Did you know that forestry is consistently rated as one of the top 5 most major dangerous jobs in the world? Chainsaws are portrayed as deadly weapons in movies, and can become exactly that in untrained hands. The first line of defense when operating a chainsaw is education. If you know the risks and how to respond to and approach this dangerous tool you'll be much better prepared.

As a Beginner

  • Start with a shorter bar. Its appealing to start big with the expectation of dropping huge redwoods, but longer bars are much more difficult to handle. After having the opportunity to just hold Stihl's MS880 with a 47" bar I have a very clear picture of the danger involved. Longer bars do not balance well, they also make it more easy to have the saw jump from your hands during operation. The bar can also contribute substantially to increased weight as they are nearly solid metal, this only contributes to operator fatigue.
  • Formarl chainsaw training is available. At the very least, if your not experienced as your salesperson to show you how each of the safty features works.
  • Set the chain break when not using the saw. Many chainsaw accidents happen while just walking. Its easy to imagine a scenario where one could stumble and fall onto a saw. Setting the chain break will ensure safety.
  • Wear protective clothing. A set of kevlar chaps costs $50-70 and should be mandatory. Helmets, gloves, glasses, boots, and ear protection should also be considered.

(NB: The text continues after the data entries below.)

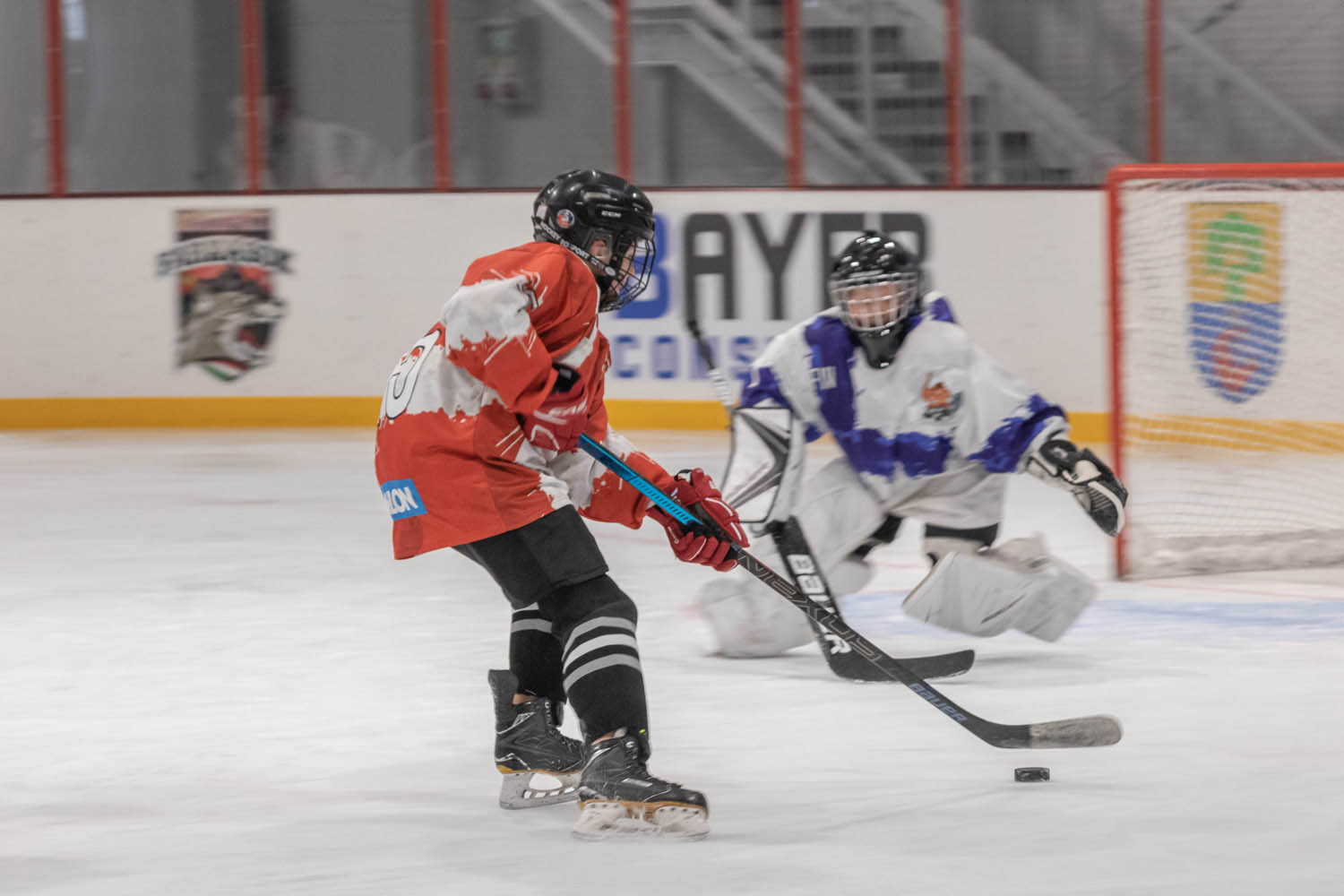 Palancsa Péter fotográfus fotográfus vizsgaremek 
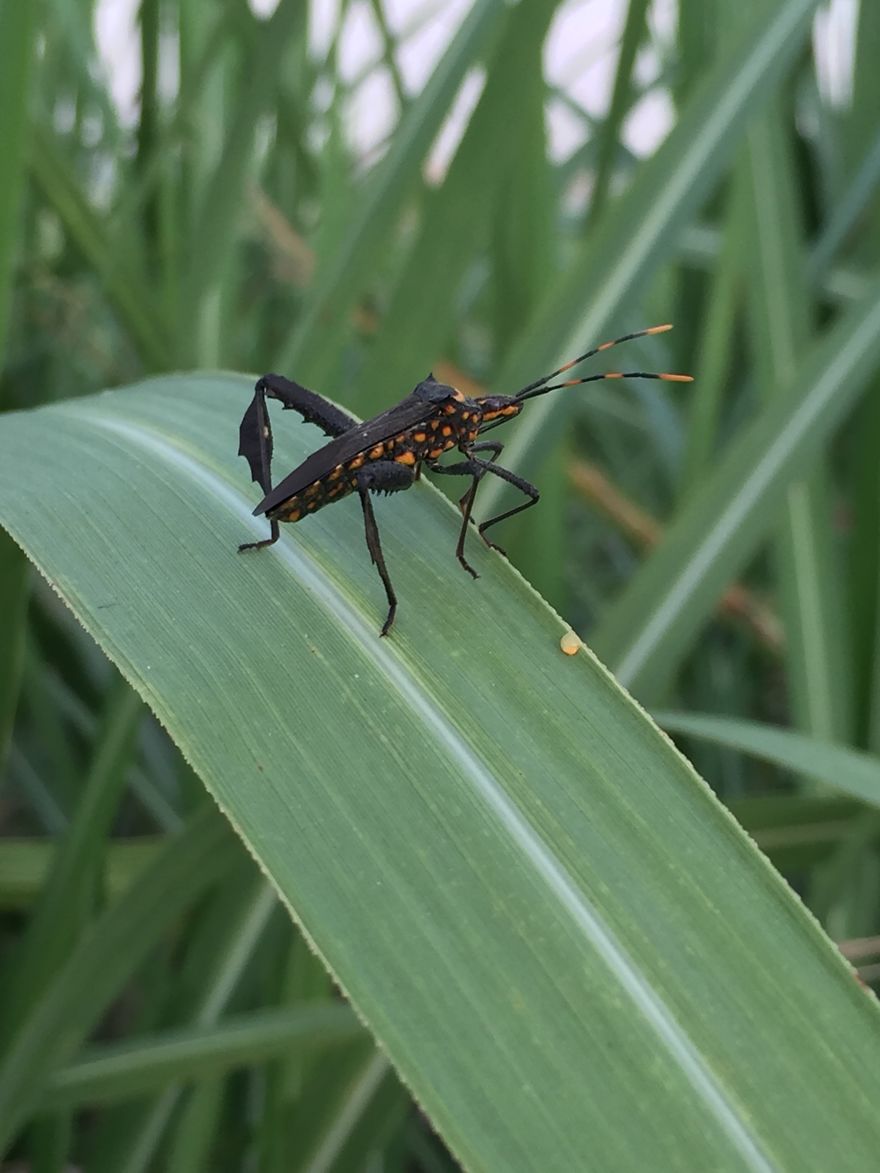 An Insect Perched On Sugar Cane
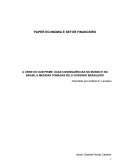 A CRISE DO SUB PRIME, SUAS CONSEQUÊNCIAS NO MUNDO E NO BRASIL E MEDIDAS TOMADAS PELO GOVERNO BRASILEIRO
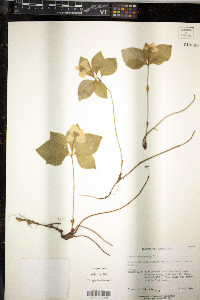 Cornus canadensis image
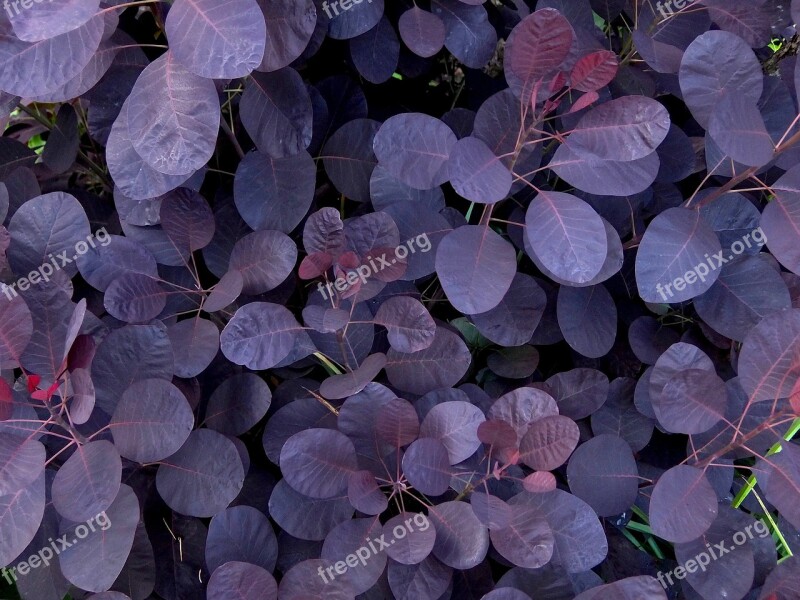 Leaves Violet Shrubs Grasses Plant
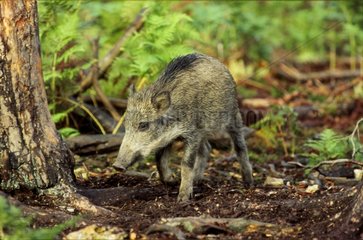 Young Wild boar searching food in the undergrowth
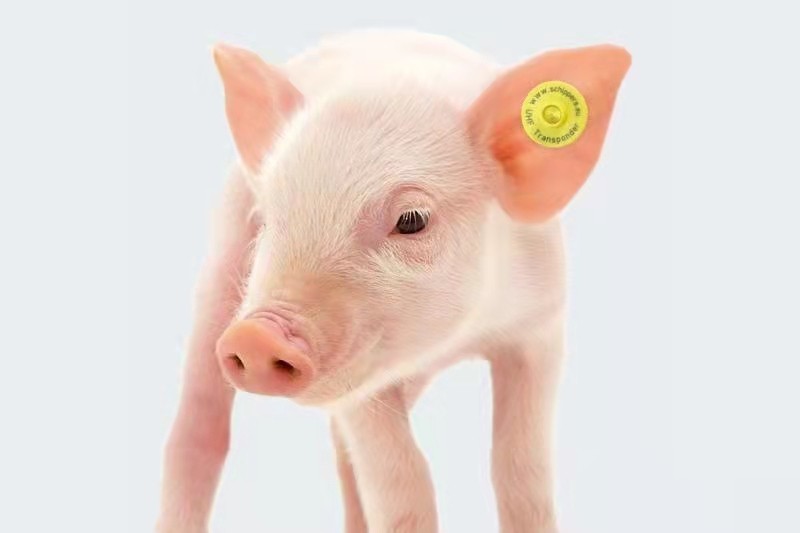 Centro de Control y Prevención de Enfermedades Animales de China: Fortalecimiento del programa piloto de etiquetas electrónicas para las orejas del ganado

As an experienced operator

  • Keep other people away from your working area
  • Never work alone, always have someone within calling distance
  • If your tired, stop and rest
  • Never cut above shoulder height
  • Don't fuel a hot saw, let things cool first to avoid spilled fuel risks.


  • Proper chainsaw etiquette will always have someone starting the saw on the ground. Each saw is designed with a large flat area on the handle on which to step. "drop-starting" is a very hazardous way to start a chainsaw. If you wish to start the saw while standing, its much more safe to hold the trigger area between your knees, hold the saw with one arm and pull start it with the other.
  • New chainsaws have 100-150lbs of engine compression making them very hard to start. Smaller saws with less displacement are much harder to pull-start then larger saws since there is more free air to compress in the chamber. If your unsure if you have the strength to start the saw saftly shop for a model with an EZ-Start feature or a decompression valve.
  • Choose a clear, flat area to start the saw incase you happen to stumble.

Avoiding Kickback

  • Always cut with the chainsaw at full throttle. This reduces the chances of kickback and makes the job easier.
  • Position your body offset from the saw so that if it does kick there is a chance it may miss your body.
  • Keep a firm grip on the front handle. If the saw does kick back, your wrist should activate the chain break.
  • Make sure the chain is properly tensioned and sharp.
  • Watch the end of the bar. This is the area that often causes kickback to occur. Always try and cut with the portion nearest the bar.
  • Always clear away and limbs that maybe on the other side of a cut. The saw can catch these unexpectedly.

Tree Felling

  • The risks from felling come not from the saw or the falling tree, but from falling limbs.
  • Check the work area before you cut, make sure the tree will not contact anything else as it falls.
  • Avoid cutting in heavy winds that can cause unpredictable falls.
  • Keep other people and equipment at least three tree lengths away. Its difficult to judge the exact height, always error on the side of caution.
  • Always keep a supply of wedges on hand to free a stuck saw.
  • If you have a tree that has heavy lean, thats propped up, over a building, near power lines, or on unstable ground, be sure to contact a profresional.